Monitor Styra DAS
Monitoring the integrity and performance of Styra DAS is important to deliver a highly available service.
Styra DAS also supports pushing system and time-series metrics to a remote server. Supported formats include dogstatsd and signalfx. Metrics exporters can be configured through the Styra DAS UI in Workspace >> Settings under Data Metrics Targets.
KPI Metrics
The following are the most important top-line metrics for Styra DAS:
- 5xx responses from ingress load balancer to clients
- Pod restart counts
- Postgres disk utilization
These metrics are collected through your infrastructure since there is no way for Styra DAS to obtain them.
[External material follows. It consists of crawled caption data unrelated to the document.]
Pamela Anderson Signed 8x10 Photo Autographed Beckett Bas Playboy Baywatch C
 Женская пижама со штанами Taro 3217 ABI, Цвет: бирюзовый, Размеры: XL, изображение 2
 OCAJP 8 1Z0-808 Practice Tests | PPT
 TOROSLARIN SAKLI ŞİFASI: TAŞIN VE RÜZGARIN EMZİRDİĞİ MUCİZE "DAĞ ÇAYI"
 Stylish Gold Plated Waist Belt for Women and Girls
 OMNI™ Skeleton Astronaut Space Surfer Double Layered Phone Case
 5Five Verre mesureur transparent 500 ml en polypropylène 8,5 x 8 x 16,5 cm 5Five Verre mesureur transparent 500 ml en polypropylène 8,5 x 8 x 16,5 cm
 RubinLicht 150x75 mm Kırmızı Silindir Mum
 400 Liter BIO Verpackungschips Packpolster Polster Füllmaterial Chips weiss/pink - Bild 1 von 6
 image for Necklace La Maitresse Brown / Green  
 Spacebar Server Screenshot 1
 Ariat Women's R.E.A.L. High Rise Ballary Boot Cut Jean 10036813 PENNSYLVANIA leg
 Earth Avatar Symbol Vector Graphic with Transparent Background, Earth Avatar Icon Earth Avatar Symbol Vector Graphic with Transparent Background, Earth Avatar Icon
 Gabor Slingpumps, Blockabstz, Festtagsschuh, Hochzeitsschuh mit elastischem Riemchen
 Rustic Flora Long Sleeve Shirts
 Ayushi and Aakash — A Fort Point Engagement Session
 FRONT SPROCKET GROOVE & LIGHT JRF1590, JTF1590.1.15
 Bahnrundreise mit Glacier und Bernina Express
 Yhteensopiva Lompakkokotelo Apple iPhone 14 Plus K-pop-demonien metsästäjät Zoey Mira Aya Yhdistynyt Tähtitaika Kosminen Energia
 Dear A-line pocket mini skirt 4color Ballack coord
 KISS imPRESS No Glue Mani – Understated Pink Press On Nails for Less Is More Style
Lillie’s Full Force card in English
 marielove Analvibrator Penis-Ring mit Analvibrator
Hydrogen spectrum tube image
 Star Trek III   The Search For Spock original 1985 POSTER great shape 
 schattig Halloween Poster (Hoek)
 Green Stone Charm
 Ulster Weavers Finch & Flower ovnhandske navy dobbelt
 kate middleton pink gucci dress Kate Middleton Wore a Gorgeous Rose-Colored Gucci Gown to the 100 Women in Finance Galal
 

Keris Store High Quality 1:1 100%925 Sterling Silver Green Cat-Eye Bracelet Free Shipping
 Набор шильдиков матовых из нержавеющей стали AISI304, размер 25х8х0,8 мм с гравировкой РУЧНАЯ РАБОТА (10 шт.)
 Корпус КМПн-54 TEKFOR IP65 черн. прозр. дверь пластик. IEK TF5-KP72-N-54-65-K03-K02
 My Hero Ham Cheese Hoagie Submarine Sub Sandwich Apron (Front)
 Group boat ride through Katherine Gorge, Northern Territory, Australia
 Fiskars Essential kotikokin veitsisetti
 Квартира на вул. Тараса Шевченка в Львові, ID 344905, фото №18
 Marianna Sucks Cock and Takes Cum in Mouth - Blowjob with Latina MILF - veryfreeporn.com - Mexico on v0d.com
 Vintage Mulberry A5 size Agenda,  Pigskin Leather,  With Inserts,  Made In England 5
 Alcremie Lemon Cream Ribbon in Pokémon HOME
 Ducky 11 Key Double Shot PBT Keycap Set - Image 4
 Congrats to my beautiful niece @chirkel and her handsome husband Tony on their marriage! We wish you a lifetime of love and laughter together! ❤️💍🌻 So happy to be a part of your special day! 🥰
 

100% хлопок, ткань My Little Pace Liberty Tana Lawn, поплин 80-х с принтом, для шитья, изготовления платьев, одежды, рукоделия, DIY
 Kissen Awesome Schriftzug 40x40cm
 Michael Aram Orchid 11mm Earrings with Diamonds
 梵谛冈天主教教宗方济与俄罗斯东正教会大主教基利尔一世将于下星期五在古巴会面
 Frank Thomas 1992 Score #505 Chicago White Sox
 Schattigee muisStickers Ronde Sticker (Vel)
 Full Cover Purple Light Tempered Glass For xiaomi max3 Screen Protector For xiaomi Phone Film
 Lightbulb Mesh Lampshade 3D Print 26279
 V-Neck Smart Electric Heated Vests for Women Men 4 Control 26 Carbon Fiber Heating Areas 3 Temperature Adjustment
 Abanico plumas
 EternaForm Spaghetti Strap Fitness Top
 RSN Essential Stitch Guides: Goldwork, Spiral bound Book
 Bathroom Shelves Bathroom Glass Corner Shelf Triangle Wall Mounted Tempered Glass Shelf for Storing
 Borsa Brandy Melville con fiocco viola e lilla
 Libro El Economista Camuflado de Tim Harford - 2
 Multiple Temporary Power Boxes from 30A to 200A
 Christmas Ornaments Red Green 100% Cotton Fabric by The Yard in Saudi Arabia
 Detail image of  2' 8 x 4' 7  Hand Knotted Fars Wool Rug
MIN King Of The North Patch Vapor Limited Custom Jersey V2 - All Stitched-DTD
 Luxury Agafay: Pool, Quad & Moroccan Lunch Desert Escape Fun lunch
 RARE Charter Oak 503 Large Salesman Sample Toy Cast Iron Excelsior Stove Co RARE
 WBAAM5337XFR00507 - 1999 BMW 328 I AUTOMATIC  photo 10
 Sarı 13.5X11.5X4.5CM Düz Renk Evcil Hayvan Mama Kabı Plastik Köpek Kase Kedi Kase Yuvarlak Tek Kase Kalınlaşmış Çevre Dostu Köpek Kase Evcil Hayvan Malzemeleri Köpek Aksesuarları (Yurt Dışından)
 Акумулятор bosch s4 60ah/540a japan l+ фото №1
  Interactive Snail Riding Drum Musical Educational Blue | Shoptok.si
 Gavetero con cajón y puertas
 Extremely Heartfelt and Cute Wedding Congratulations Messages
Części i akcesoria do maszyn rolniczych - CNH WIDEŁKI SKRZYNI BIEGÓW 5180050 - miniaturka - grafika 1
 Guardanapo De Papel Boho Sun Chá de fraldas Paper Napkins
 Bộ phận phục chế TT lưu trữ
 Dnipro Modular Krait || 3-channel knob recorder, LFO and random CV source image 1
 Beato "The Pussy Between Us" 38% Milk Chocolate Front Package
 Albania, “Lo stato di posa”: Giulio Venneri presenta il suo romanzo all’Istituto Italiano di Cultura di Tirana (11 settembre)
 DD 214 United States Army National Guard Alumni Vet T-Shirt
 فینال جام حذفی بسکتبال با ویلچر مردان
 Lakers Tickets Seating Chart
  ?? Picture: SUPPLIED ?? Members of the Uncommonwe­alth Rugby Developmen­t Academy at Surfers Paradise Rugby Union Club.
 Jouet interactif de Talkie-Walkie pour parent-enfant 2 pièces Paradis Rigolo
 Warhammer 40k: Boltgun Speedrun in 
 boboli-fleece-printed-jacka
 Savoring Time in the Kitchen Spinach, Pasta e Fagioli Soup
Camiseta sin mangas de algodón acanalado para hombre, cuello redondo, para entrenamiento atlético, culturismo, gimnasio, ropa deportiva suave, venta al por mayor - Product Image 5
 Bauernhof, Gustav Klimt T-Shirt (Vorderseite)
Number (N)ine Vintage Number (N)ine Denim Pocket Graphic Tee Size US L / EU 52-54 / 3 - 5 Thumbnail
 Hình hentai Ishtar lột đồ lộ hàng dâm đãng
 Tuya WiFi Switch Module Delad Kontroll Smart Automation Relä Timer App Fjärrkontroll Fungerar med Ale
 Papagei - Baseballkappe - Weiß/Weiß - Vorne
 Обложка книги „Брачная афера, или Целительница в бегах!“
Collecting ingress load balancer metrics depends on the particular load balancer you use. Request latency is useful for observing performance, and the 5xx response count is the metric that indicates users are currently having problems. We recommend alerting when more than five 5xx responses are observed within a ten-minute window.
Pod restart counts can be obtained through Kubernetes metrics. Styra DAS pods should not be restarted by Kubernetes. Typically pods are restarted due to a lack of memory or irrecoverable internal service errors. We recommend alerting when a pod is restarted more than once a day.
Postgres disk utilization metrics are available from the Postgres storage solution. It is important to allocate more space to Postgres before it fills up its storage because Postgres stores Styra DAS configuration and records of all decisions made by all of the connected OPAs. If Postgres runs out of space, Styra DAS will not be able to write more decisions and will cause cascading failures throughout the system. We recommend alerting when Postgres has used 80% or more of its disk space.
You should also monitor the open connections on the database. Once the limit is reached, Styra DAS will not be able to open any more connections and therefore save any configuration changes or decision logs.
Additional Metrics
Each Styra DAS microservice exposes a Prometheus metrics endpoint located at /v1/system/metrics
.
These metrics give a general overview of the health of each microservice.